These “theoretical fundaments” suggest that Chinese state and party leaders might concede single points to Hong Kong protesters, e.g. by withdrawing the extradition bill or by not cancelling district elections, but will hardly give in to their final aims. This is because the latter, though probably equally suitable to solve alleged contradictions surrounding Hong Kong, point in a direction opposite to the “eschatology” outlined in the CCP statute and PRC constitution.

Law and politics (政治)

Another reason for this prognosis is, thirdly, Sino-Marxism’s integrated “politics and law” concept (政法). Politics is used synonymous with the political rule by the CCP, claiming that there can only exist one ruling party (执政党). And because of the principle (de constitutione lata) that this party shall lead the people, state, and legislation (党的领导), politics is considered superior to law and legal studies.
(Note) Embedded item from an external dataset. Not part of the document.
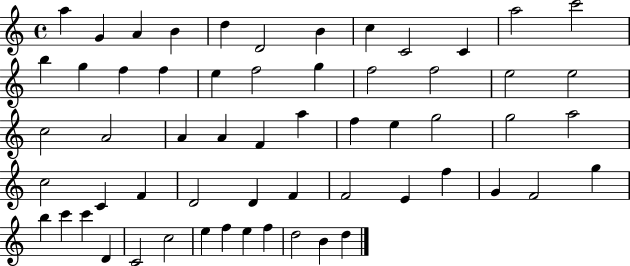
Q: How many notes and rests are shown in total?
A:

Methodologically, this is supported by political legal studies (政治法学), politico-legal legal studies (政法法学), and political constitutional studies (政治宪法学) developed by Chen Duanhong. The latter, although translated as political constitutionalism, in an again anti-constitutionalist manner only treats contents set by the CCP as the substantial and “real” constitution of the PRC – be it the CPC statute, other political documents (政策文件) and party norms (党规党法 or 党内法规), or the principle of party leadership itself.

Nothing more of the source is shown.